The APD dispatch policy for sworn officers changed on Oct 1 to direct people to call 311 or use iReportAustin.com to report crimes after they occur or when there is no imminent danger and is in response to severe police shortages due to Covid policies and defund the police efforts in the city.
— Conservative News (@BIZPACReview) October 1, 2021
“APD will change call routing and response for non-emergency calls for service effective October 1, 2021,” the Texas capital city’s police department said in a statement to KXAN.
“So we are looking at response protocols that are directly related to the staffing to determine if there are opportunities to have either a civilian unit within the department go ahead and handle it, as opposed to sending a uniformed officer to the scene, depending on the criticality,” Interim APD Chief Joseph Chacon explained last month. “Please understand, if somebody is in danger, we’re still going to send a marked unit and a uniformed officer to go handle it. But for crimes that may have already happened and are now being reported, we are looking at alternative measures, and that’s what we’re working on now.”

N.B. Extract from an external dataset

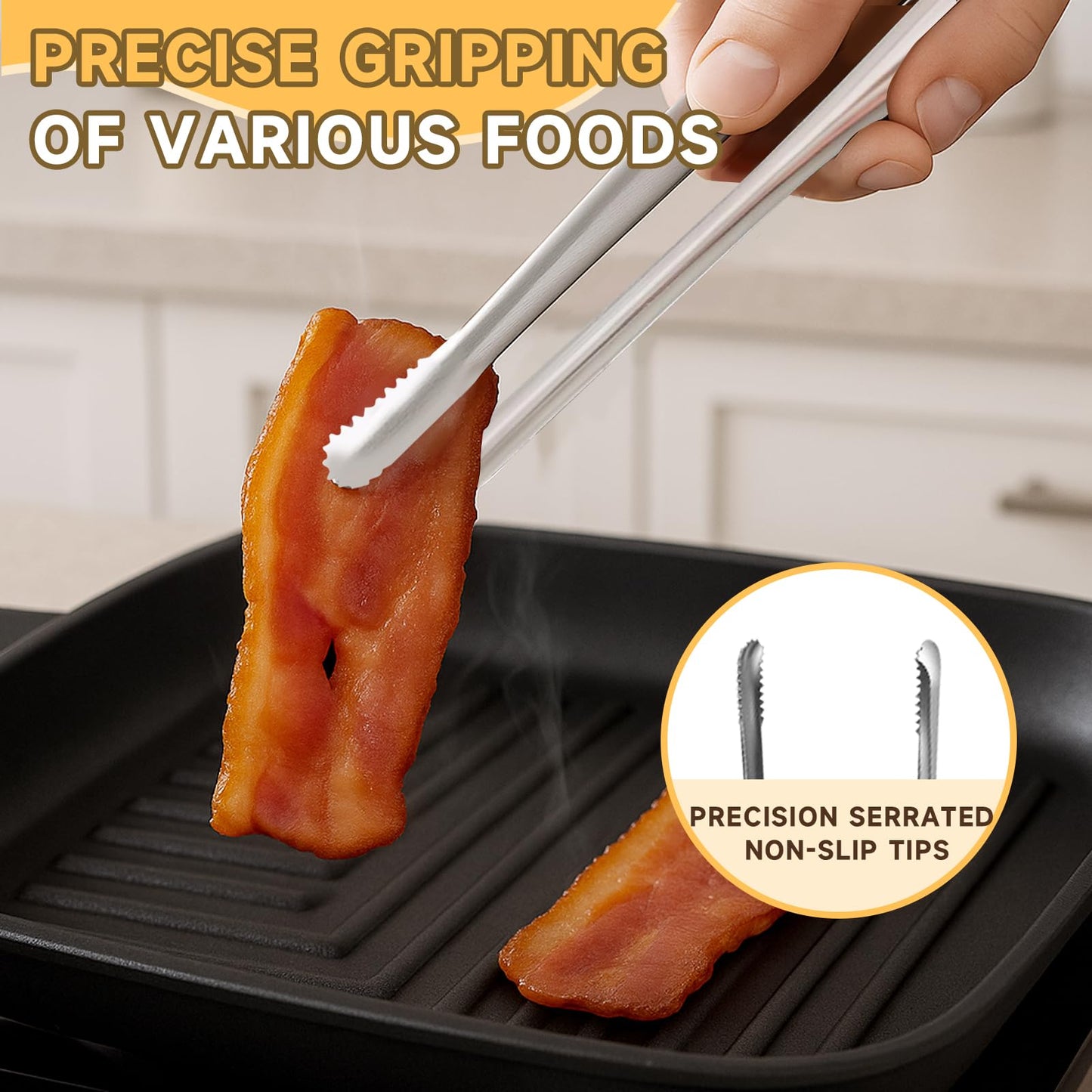 Precision Serrated Non-Slip Tips Cooking Tongs 2 pcs (9" &11"), Stainless Steel Kitchen Tweezer Tongs, Cooking Tweezers Stainless Steel for Grilling, Frying, and Oven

Voters will be able to weigh in on the shortages in the November election when they vote on Prop A which, if approved, would reinstate funding and staffing that was lost in 2020.

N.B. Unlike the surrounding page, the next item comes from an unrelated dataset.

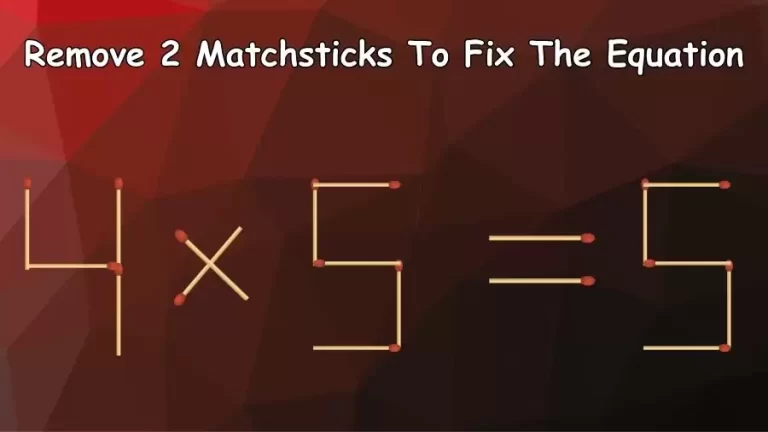 Brain Teaser: 4×5=5 Remove 2 Matchsticks To Fix The Equation | Matchsticks Puzzle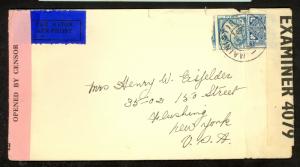 IRELAND 1941 DOUBLE CENSORED BRITISH AND IRISH Flown Cover to USA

“We are in the midst of the most profound police staffing crisis in Austin history,” co-founders of Save Austin Now, Matt Mackowiak and Cleo Petricek said in a statement to Fox News. “This is occurring during a historic violent crime wave here, as homicides are up 80% since last year’s modern-day record. Austin police morale is at an all-time low. We are roughly 300 police officers down in one year due to the $150 million police budget cut last year. ADP recently made the stunning announcement that due to the staffing crisis they can no longer respond to 911 calls unless it’s a life-threatening situation or the assailant is on the premises. Rank and file officers are being asked to put their lives on the line without the support they need to do the job. On Nov. 2nd, Austin must pass Prop A to fix this mess.”